I asked Brad, "So how do you think DJ (his wife) was feeling when she told you that she locked
the car keys in the trunk?"
"I'm not really sure," he responded. "It seems like it happens alot. I just assume
she has an 'Oh well' attitude about it. It's no big deal to her."
"But it's a big deal to you?" I asked.
"Well, you'd just think that when something keeps happening over and over again, you'd come
up with a plan of action."
"So again, Brad, what do you think she was feeling?"
"I don't know really. I know how I was feeling. And I know how
I feel when I do something similar."
"So you lock the carkeys in the trunk sometimes too?"
"Yea! And the other day, when we got back from our trip, I was looking in my suitcase
for some clean socks. I took my glasses off and set them down in the suitcase and then forgot they were there.
I zipped up the suitcase and the next morning I couldn't find my glasses. It took me about twenty minutes of looking
before I had a flash of setting them down in the suitcase. And the last thing I was going to do was to tell anyone about
it."
"So How were you feeling?"
"Very Stupid, and even more stupid when I found them in the suitcase."
"So you were feeling pretty embarrassed and silly, maybe even like a little kid?"
"Yep!"
"So do you suppose that DJ might have felt that same way when she told you she had locked the
carkeys in the trunk?"
"M-m-m. I never thought of that! Maybe!"
"And why do you suppose that you never thought she might feel the same way you do?"
"I don't know. I just see us as really different when it comes to things like that."

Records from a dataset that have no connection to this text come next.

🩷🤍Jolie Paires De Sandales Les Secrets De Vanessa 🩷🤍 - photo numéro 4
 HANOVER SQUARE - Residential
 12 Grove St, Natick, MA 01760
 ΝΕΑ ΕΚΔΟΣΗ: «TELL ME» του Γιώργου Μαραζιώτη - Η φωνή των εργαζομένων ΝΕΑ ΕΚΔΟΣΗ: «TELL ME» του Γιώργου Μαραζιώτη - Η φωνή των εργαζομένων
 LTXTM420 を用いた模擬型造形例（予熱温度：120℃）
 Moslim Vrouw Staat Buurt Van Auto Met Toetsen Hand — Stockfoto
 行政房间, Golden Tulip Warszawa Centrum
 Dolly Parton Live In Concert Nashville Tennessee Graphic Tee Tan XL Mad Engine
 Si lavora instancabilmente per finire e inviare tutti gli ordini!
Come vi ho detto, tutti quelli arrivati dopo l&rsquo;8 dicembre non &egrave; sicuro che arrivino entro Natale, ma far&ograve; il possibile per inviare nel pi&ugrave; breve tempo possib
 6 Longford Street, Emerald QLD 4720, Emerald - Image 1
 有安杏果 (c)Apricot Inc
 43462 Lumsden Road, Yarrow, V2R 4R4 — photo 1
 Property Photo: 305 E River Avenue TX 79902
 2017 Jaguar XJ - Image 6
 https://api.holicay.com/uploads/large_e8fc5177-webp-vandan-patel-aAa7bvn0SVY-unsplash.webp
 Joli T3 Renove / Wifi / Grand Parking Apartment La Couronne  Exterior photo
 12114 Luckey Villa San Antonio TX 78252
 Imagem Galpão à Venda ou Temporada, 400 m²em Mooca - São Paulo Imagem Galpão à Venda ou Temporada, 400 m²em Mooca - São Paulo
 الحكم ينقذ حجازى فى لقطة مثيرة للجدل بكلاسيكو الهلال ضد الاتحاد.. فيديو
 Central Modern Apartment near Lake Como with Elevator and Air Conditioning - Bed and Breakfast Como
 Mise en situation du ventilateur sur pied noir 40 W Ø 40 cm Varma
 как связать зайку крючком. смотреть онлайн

"And so maybe you're not so different after all?"
"Maybe!"
"Have you heard of the word compassion, Brad?"
"Yea."
"Well, lots of people have different definitions for what compassion is, but maybe taking the
risk, if it is a risk, to assume that she feels the same way you do in situations like this, maybe that's what compassion
is. And you could say to her something like, 'Oh my gosh, honey. You must be feeling a little sheepish having
to tell me. It's exactly how I feel when I do stuff like that. You know, it's really no big deal. We'll
call AAA and it'll be taken care of in no time.' But I imagine that's difficult for you to say to her because it is
such a big deal to you?"
"I guess, though, in the big scheme of things, it's really not a big deal at all.
Is it?"
"No, it's not really. But having compassion for each other is a big deal."